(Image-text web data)
####
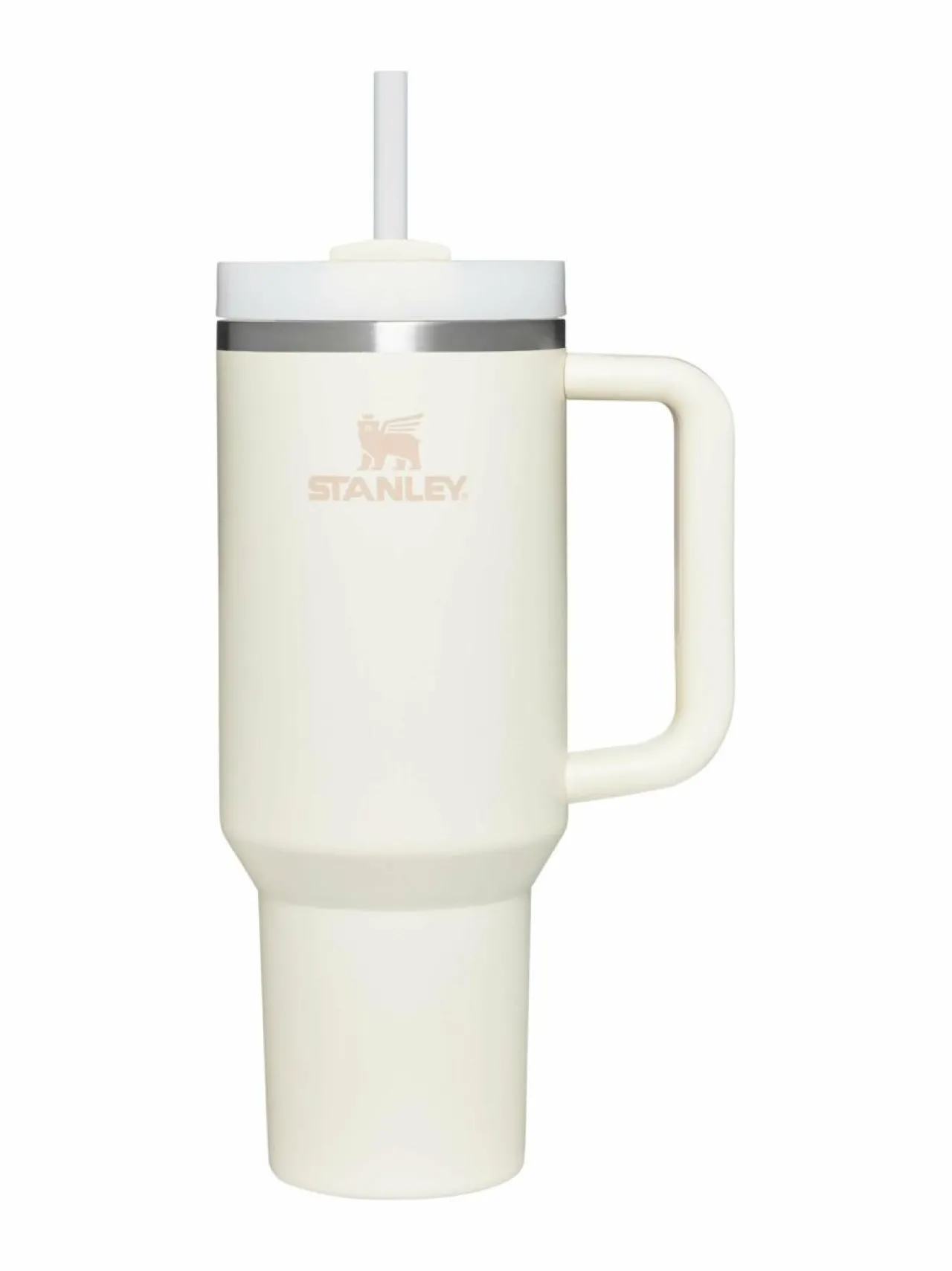 Stanley The Quencher H2.O FlowState™ Tumbler -termosmuki 1.18 l^ Tee, Kahvi & Vesi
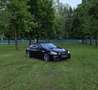 BMW 650 650i xDrive Gran Coupé Österreich-Paket Aut. - thumbnail 5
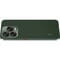 Фото - Смартфон ZTE Nubia V70 Design 8/256GB Green | click.ua
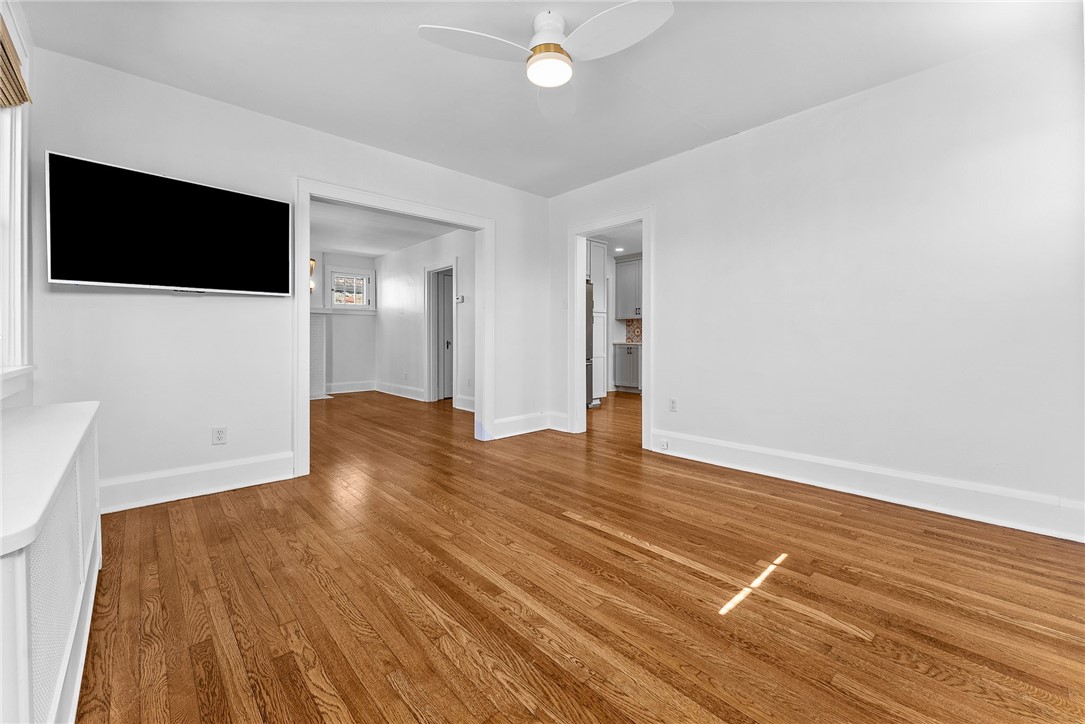 2401 Sylvania Dr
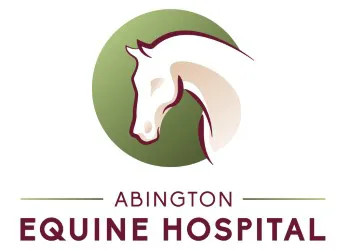 Abington Equine Hospital 12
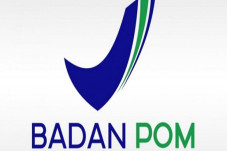 BPOM Terbitkan Izin...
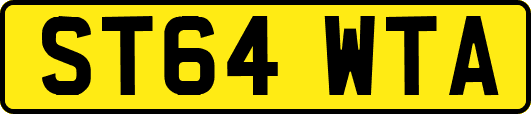 ST64WTA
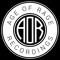 Kuros Chimenes / AOR Recordings
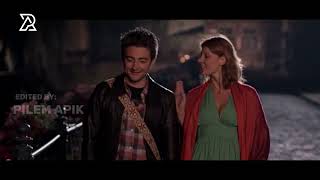 G4K S4D4R K4LO TERNYATA ADALAH M4M* NYA SENDIRI | ALUR CERITA FILEM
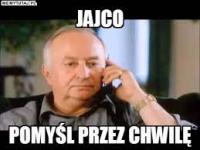 komentarz obrazkowy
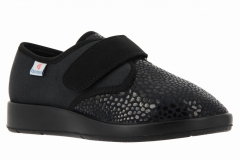 Klettschuh Stretchschuh Verbandschuh Zürich Weite L Varomed 60811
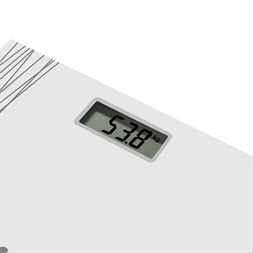 Tefal PP1430V0 fürdőszobai mérleg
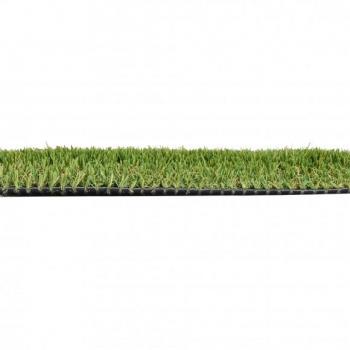 Césped Artificial Faura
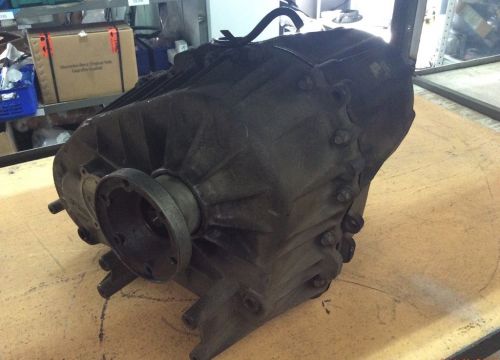 +79166490004 звонок из Трестар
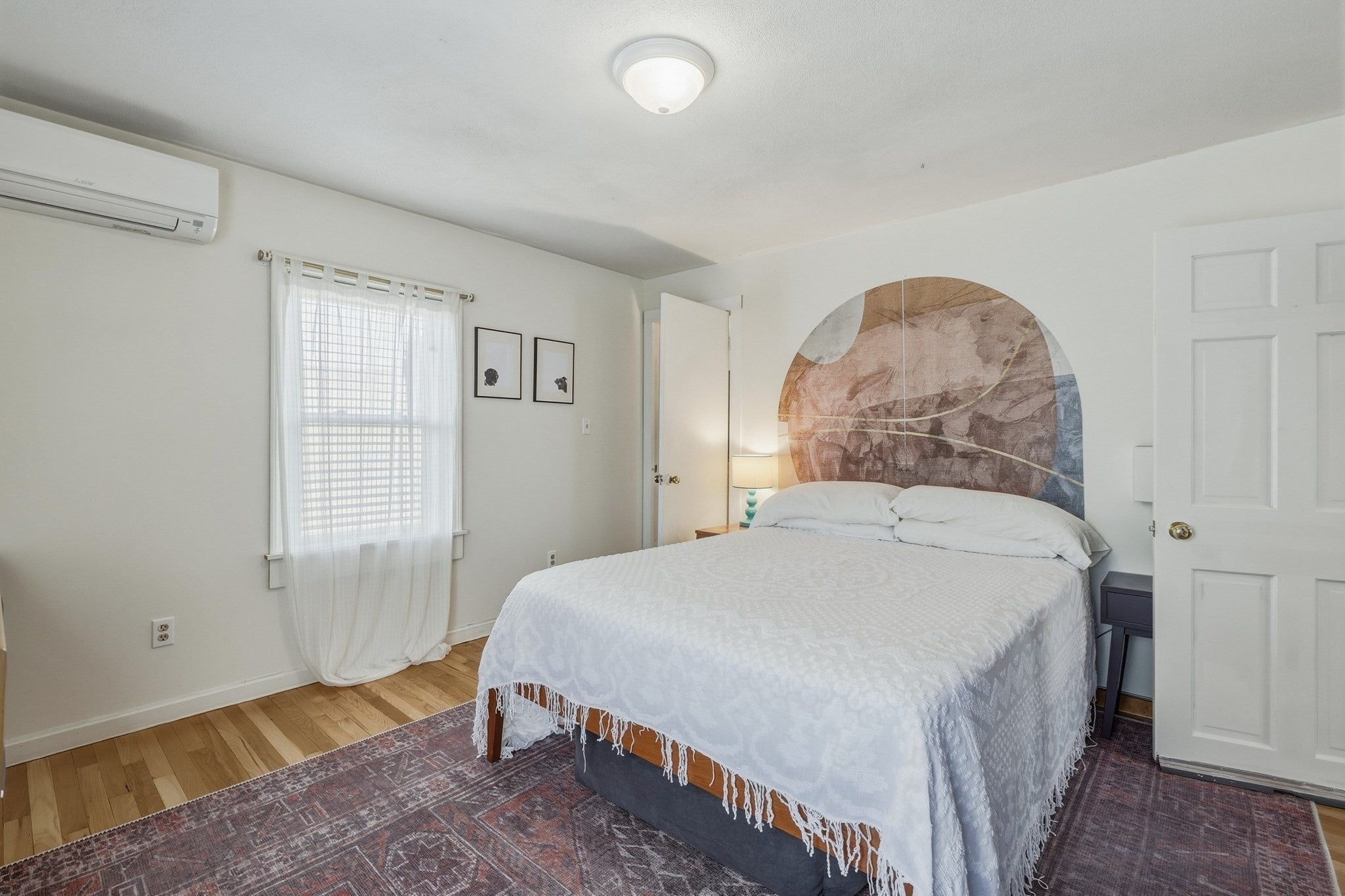 239 Bridge Street, Northampton, MA, 239 Bridge Street, Northampton, MA Photo #36
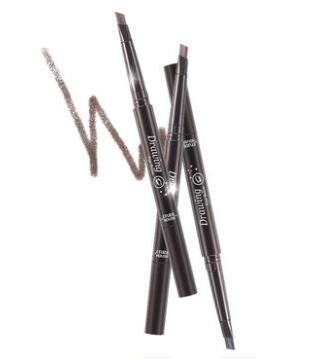 爱丽小屋2019,爱丽小屋平价替代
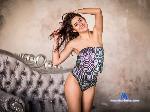 Qeen_Squirt stripchat livecam show performer room profile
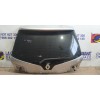 Recambio de porton trasero para renault koleos privilege referencia OEM IAM 901001198R  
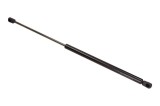 Amortizor portbagaj PEUGEOT 406 Break (8E/F) (1996 - 2004) MAXGEAR 12-1575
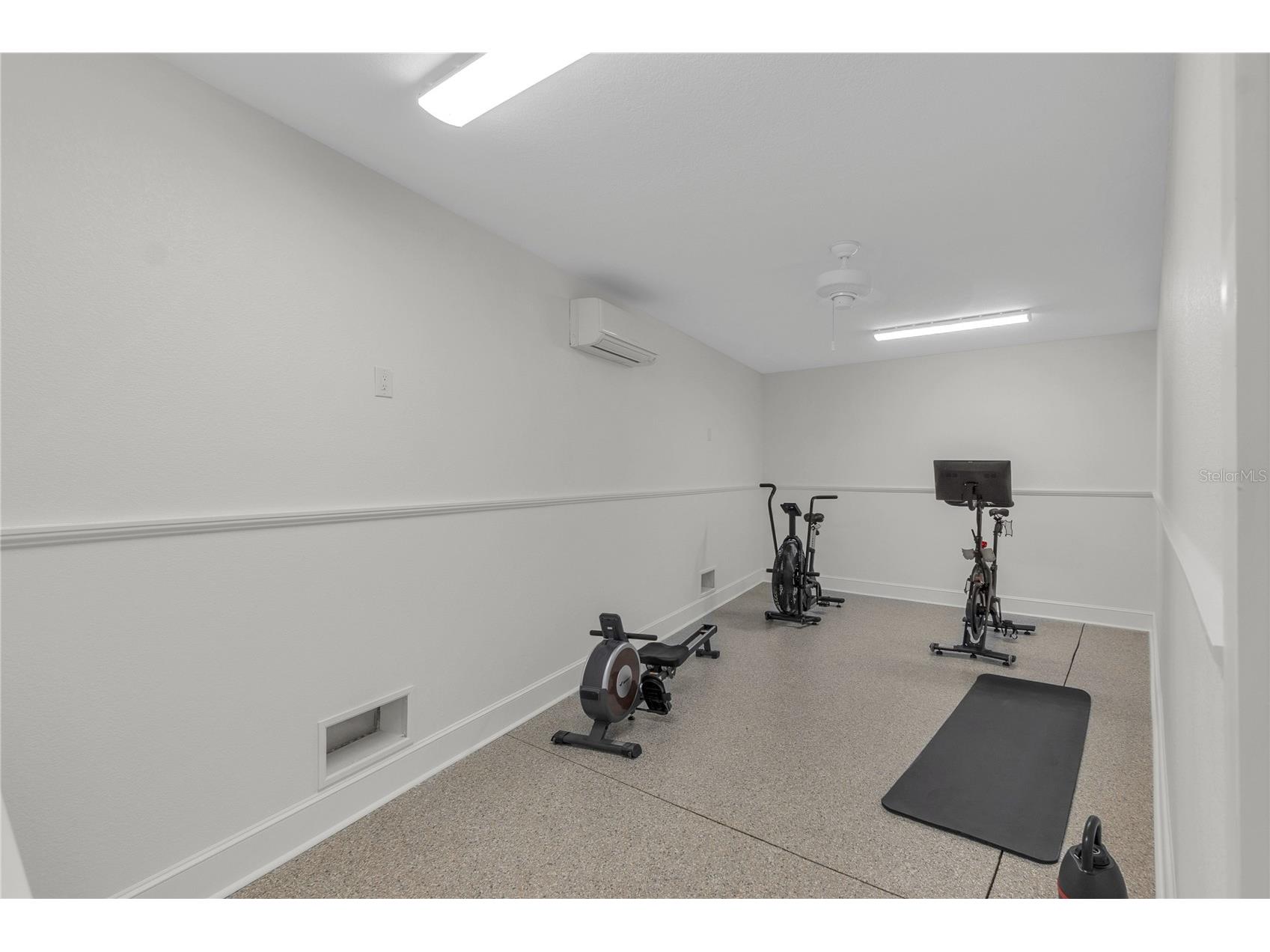 818 Nancy Gamble Lane Ellenton FL 34222 - MANATEE RIVER A4665629 image46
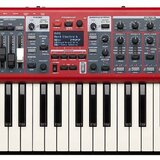Nord Electro 6D 61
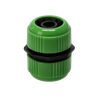 REPARATOR 1/2" pachet=24buc *4808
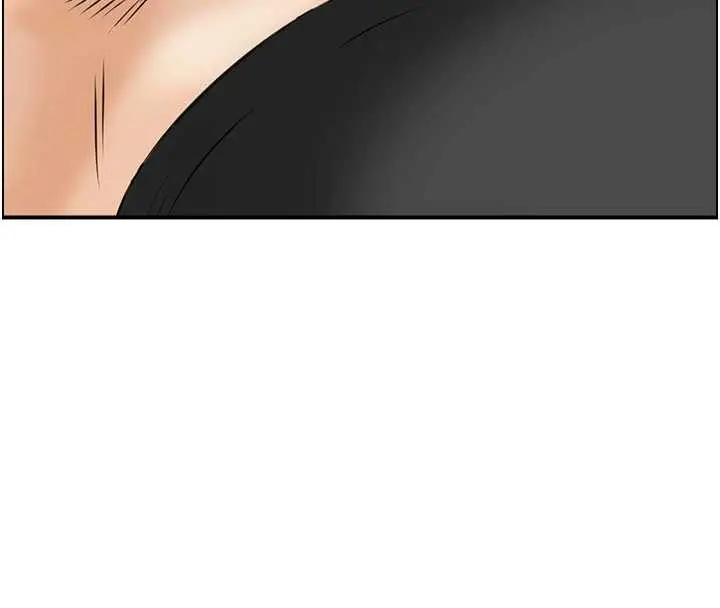 漫画《情欲宝鉴》第15话第58张图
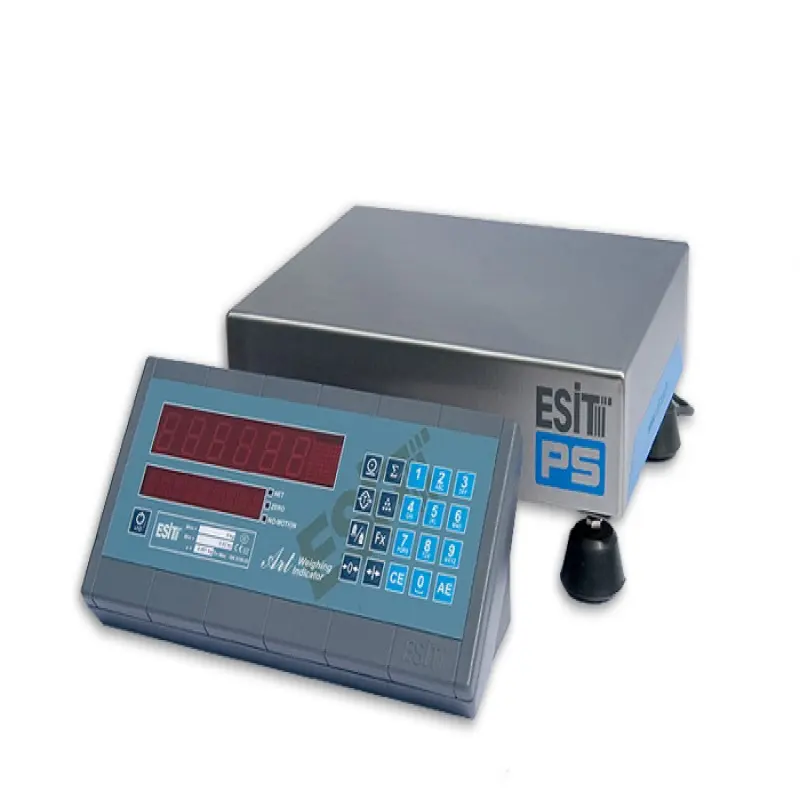 ESİT%20PS%20TEZGAH%20ÜSTÜ%20BASKÜL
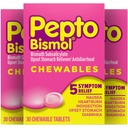 Pepto Bismol 咀嚼食用食用食用食用食用食用食用食用食用食用食用食用食用食用食用食用食用食用食用食用食用食用食用食用食用食用食用食用食用食用食用食用食用食用食用食用食用食用食用食用食用食用食用食用食用食用食用食用食用食用食用食用食用食用食用食用食用食用食用食用食用食用食用食用食用食用食用食用食用食用食用食用食用食用食用食用食用食用食用食用食用食用食用食用食用食用食用食用食用食用食用食用食用食用食用食用食用食用食用食用食用食用食用食用食用食用食用食用食用食用食用食用食用食用食用食用食用食用食用食用食用食用食用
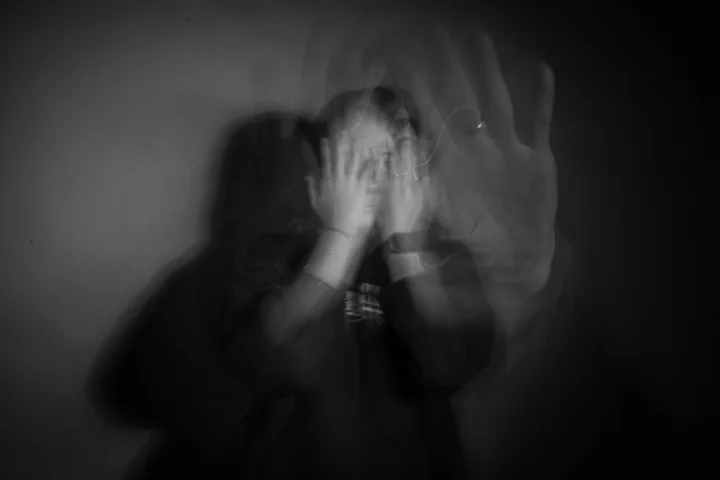 Portraits - Image 3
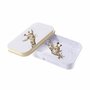 Wrendale-Designs-klein-geschenk-doosje-blikje-Flowers-Giraffe-giraf-jong-bloemen-mt017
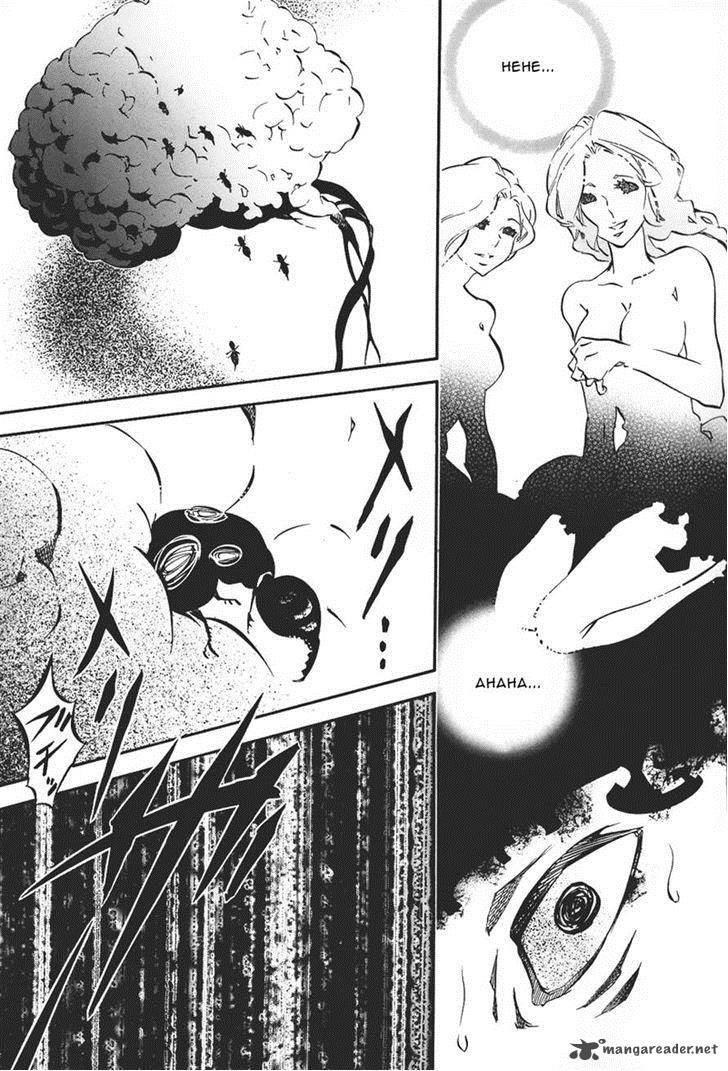 karneval_75_20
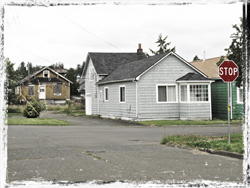 1000 1/2 East Second Street
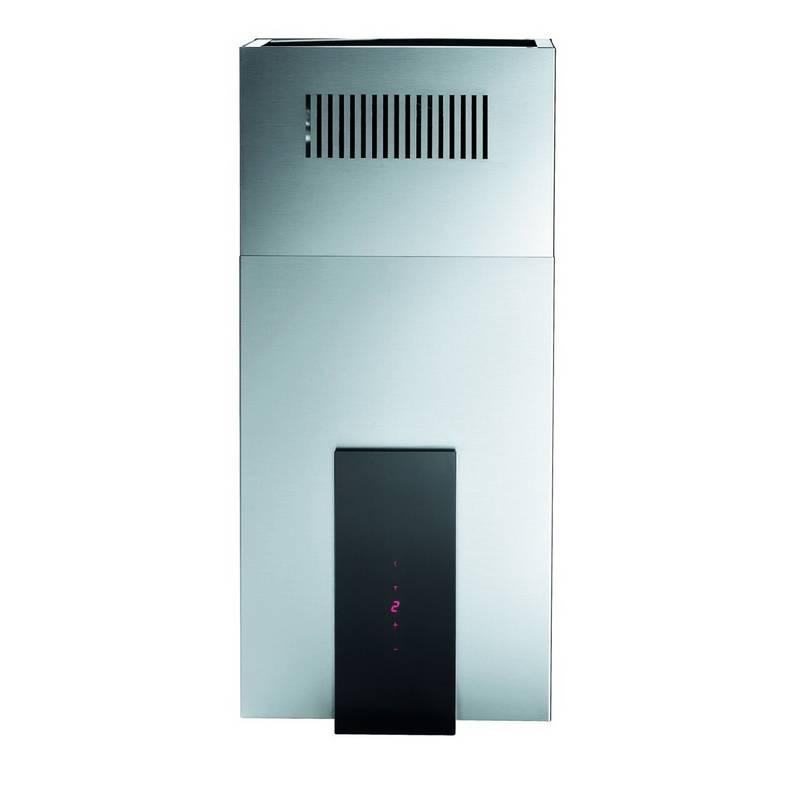 Odsavač par Gorenje IDQ 4545 X nerez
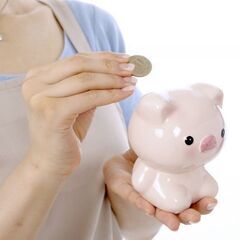日給8250円！【20時-4時】【男女活躍】【仕分け作業】【通勤手当あり】の画像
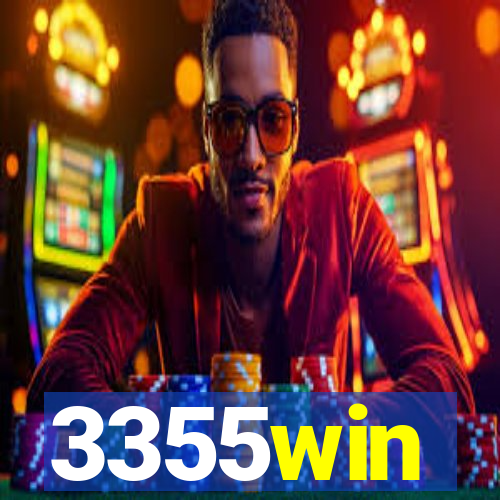 3355win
####
* What this task involves
With the pictures omitted, set down each line exactly, starting at the first line of the records above and ending with the line that contains "Abington Equine Hospital 12".

* Task solution
 Stanley The Quencher H2.O FlowState™ Tumbler -termosmuki 1.18 l^ Tee, Kahvi & Vesi
 BMW 650 650i xDrive Gran Coupé Österreich-Paket Aut. - thumbnail 5
 Фото - Смартфон ZTE Nubia V70 Design 8/256GB Green | click.ua
 2401 Sylvania Dr
 Abington Equine Hospital 12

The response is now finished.